Miles Mims still remembers the day he was arrested in Virginia for stepping onto a beach marked “whites only.”
“On the black beach, everyone was huddled together, hundreds and hundreds of people on one side of this thin red line,” Mims said. He looked at the floor, drawing a line across his feet with his hands. “The ‘white’ beach — well, it had more space and it was cleaner.”
That was back in the late 1950s, when Mims was about 8 years old.
“I didn’t pay no attention to those things back then,” he said.
But 50 years later, Mims hasn’t been able to shake the memory. He’s now a full-time artist, photographing portraits of black Americans to raise awareness of civil rights issues.
“Social injustices — they’re in my fabric of being,” Mims said. “When I look at things now, I do it through that lens. I can’t help it.”
Mims — along with about a dozen other local artists — are currently displaying their work at the Jamaica Center for Arts and Learning in Queens.
It’s the second year that the Social Justice Art Show comes to the eastern borough, and features work from artists focusing on racial discrepancies in the criminal justice system.
Wanda Best is the show’s director and also has artwork featured in the exhibit.
She said the exhibit ran for one night last year, down the street at the King Manor Museum.
“We had over a hundred people show up that night,” Best said.
This year, the show will run for two weeks.
“There’s something powerful about combining art and social issues in this way,” Best said. “People look at these exhibitions and they won’t walk out of here thinking the same way about these things.”
Best worked with Councilman Rory Lancman (D-Hillcrest) to start the exhibit in 2016.
“These issues, these problems, they’re not talked about as much as they should be,” Best said.
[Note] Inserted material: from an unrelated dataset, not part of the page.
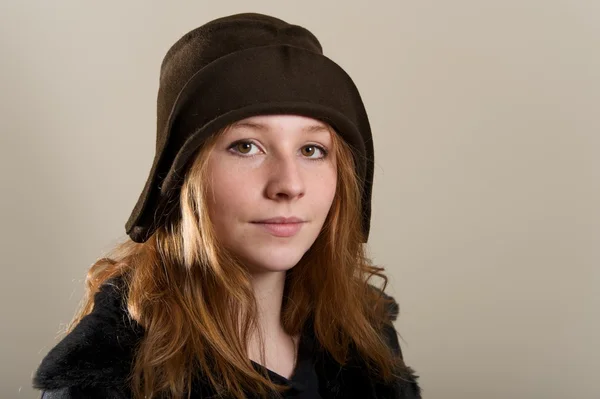 Redhead in brown cloche hat and jacket — Stock Photo, Image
She pointed at one of her paintings. “This one is about mass incarceration — they’re locking up African Americans way more often than whites or Hispanics.”
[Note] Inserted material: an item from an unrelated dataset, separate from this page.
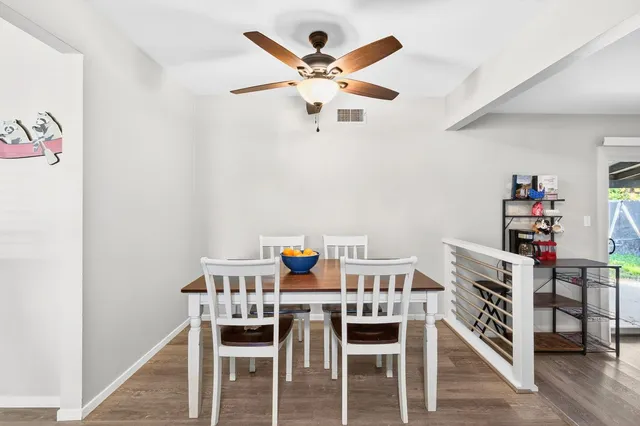 a kitchen with stainless steel appliances a white table chairs and a refrigerator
“This is our chance to change the way people think about these issues,” Best said.
Pieces in the exhibition include all types of artistic mediums, like woodworking and interactive visual pieces.
Some installations focus on the role of African American women in society, while others call attention to the years of slavery.
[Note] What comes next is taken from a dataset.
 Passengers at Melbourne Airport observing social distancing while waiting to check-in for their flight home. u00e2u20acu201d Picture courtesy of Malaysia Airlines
Mims has two photos on display in the exhibit — a portrait of a woman and one of a man.
He pointed at the photo of the man.
“That was down in Manhattan, by Seaport,” he said.
Mims said he approached the man because he liked his “look” and asked him if he could take his photo.
“The guy was really upset because he couldn’t get a job and I said ‘having that afro and beard don’t help,’” Mims said. “But he had this look of determination on his face.”
Mims said the man was biracial and spoke to Mims about the struggles of not fitting into a society where a hard line is drawn between being black or white.
“After talking to him, I started to realize some things,” Mims said. “I used to automatically look at the way people treated me and asked myself, ‘is it because I’m black?’ I used to control my behavior to make sure I didn’t do nothing to offend anyone and I would still get hostility.”
“It was hurtful,” Mims said. “But I examined it and started to realize what prejudice was all about. All I can do with my art is express what I have inside me and try to make people who look at it a better person. That’s all I can hope.”
The show runs through September 29th.